* Description of the task: Where the line containing "अलैंची उत्पादनमा वृद्धि, एकै" appears in the entries below, start there and print only that line and every line after it, exactly, through the end, excluding pictures.

* Records shown:

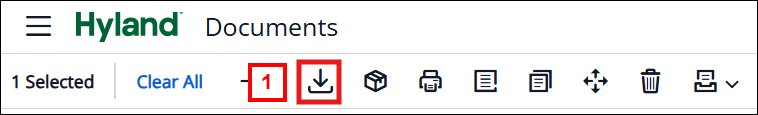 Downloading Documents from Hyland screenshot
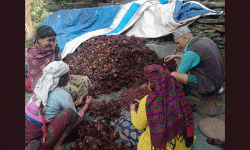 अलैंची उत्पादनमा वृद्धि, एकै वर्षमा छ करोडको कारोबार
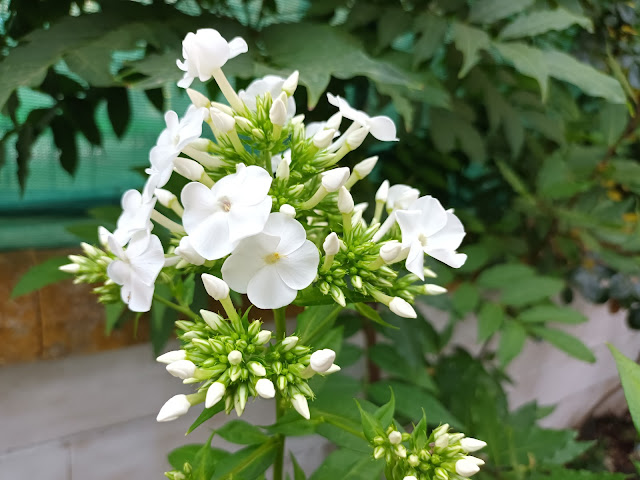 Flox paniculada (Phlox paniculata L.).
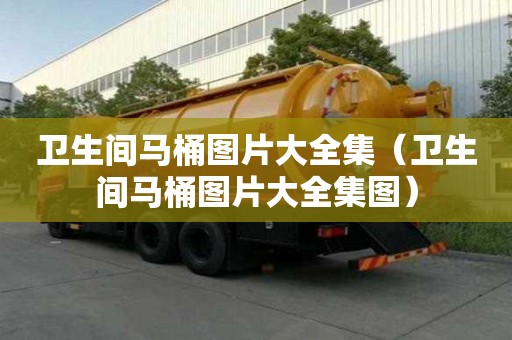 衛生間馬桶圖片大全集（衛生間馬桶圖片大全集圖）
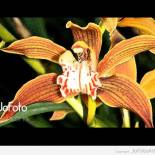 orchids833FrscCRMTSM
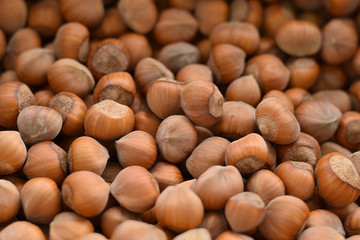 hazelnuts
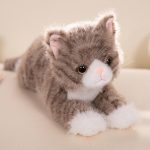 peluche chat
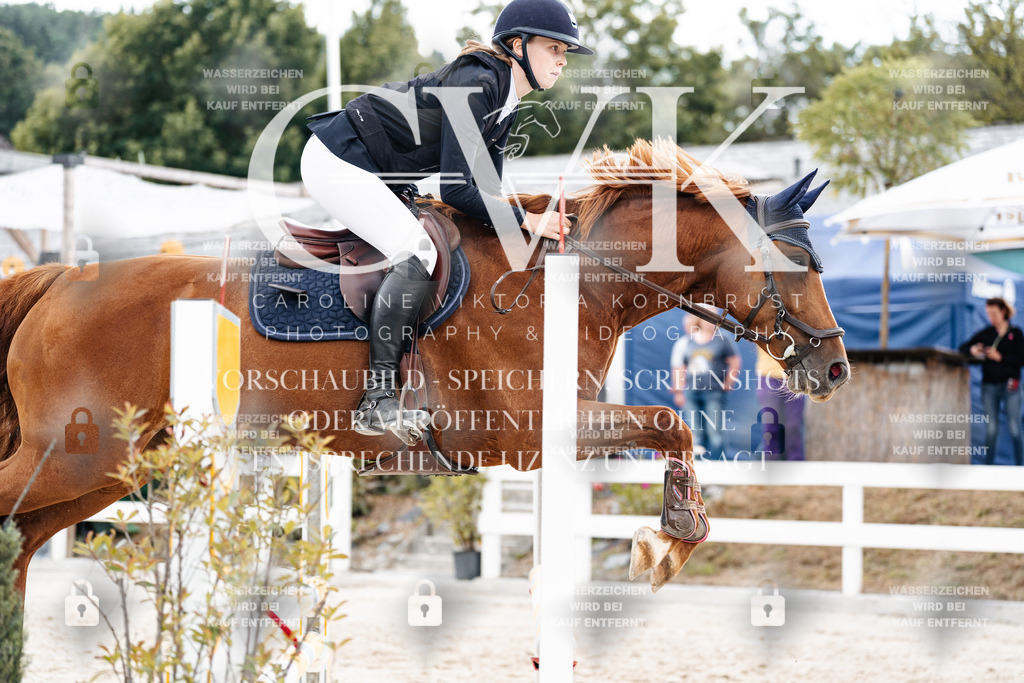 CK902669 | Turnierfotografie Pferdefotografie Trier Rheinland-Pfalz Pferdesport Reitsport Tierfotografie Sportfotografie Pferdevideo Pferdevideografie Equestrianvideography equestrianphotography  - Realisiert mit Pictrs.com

* Your solution:
 अलैंची उत्पादनमा वृद्धि, एकै वर्षमा छ करोडको कारोबार
 Flox paniculada (Phlox paniculata L.).
 衛生間馬桶圖片大全集（衛生間馬桶圖片大全集圖）
 orchids833FrscCRMTSM
 hazelnuts
 peluche chat
 CK902669 | Turnierfotografie Pferdefotografie Trier Rheinland-Pfalz Pferdesport Reitsport Tierfotografie Sportfotografie Pferdevideo Pferdevideografie Equestrianvideography equestrianphotography  - Realisiert mit Pictrs.com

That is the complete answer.